*Exercise material*
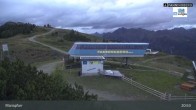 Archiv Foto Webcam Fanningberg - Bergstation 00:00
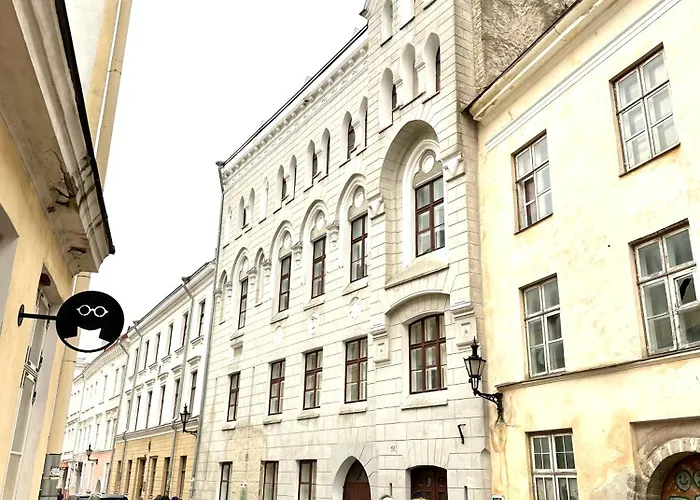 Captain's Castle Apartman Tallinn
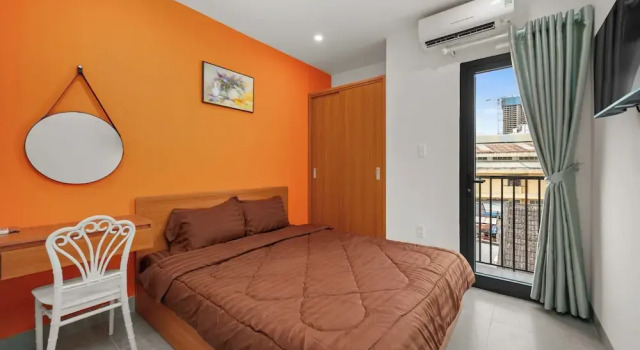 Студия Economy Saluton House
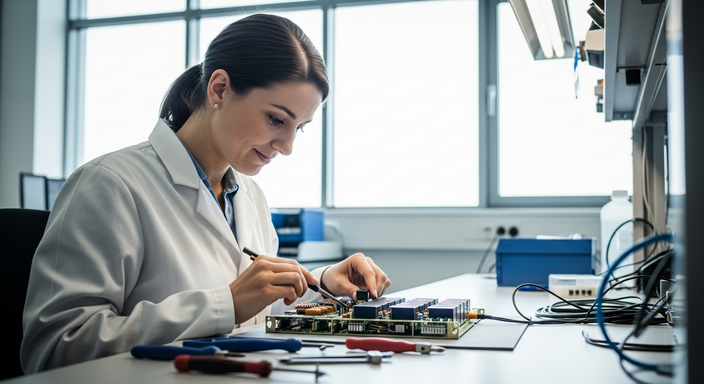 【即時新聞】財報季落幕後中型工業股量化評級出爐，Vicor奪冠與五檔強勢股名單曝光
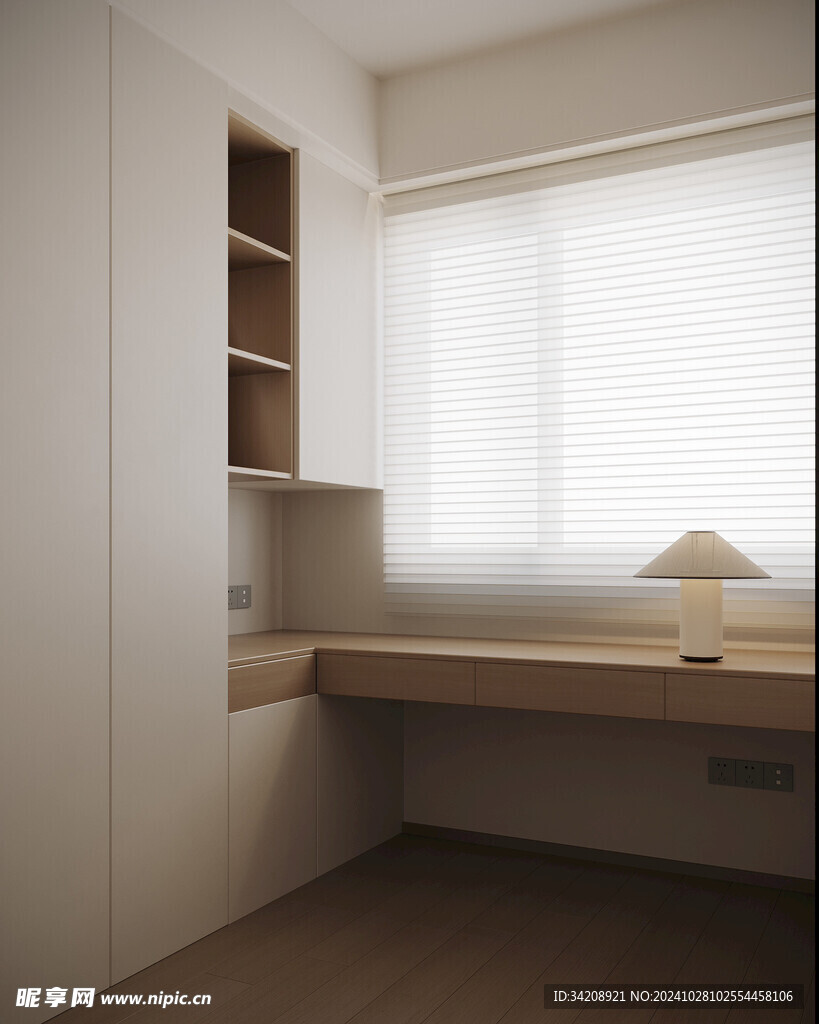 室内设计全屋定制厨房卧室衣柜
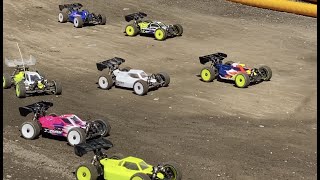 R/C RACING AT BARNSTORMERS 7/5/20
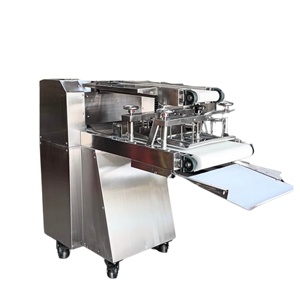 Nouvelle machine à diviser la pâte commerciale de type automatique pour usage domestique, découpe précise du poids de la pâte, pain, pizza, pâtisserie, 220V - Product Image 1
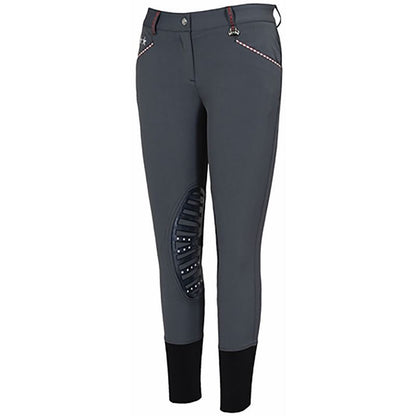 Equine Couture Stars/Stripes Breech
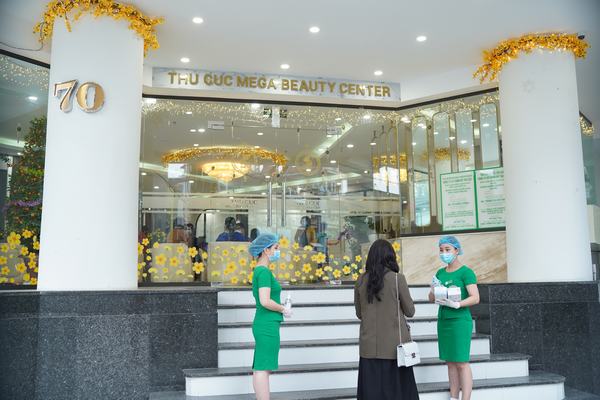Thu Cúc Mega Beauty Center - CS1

---

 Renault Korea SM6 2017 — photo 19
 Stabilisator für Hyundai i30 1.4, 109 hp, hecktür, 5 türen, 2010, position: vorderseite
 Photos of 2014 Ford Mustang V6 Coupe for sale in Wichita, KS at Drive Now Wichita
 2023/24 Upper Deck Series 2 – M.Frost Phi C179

*Problem description*
All that is wanted is a faithful reproduction of the line above with "Photos of 2014", the line with "2023/24 Upper Deck", and every line in between.

*Answer to this problem*
 Photos of 2014 Ford Mustang V6 Coupe for sale in Wichita, KS at Drive Now Wichita
 2023/24 Upper Deck Series 2 – M.Frost Phi C179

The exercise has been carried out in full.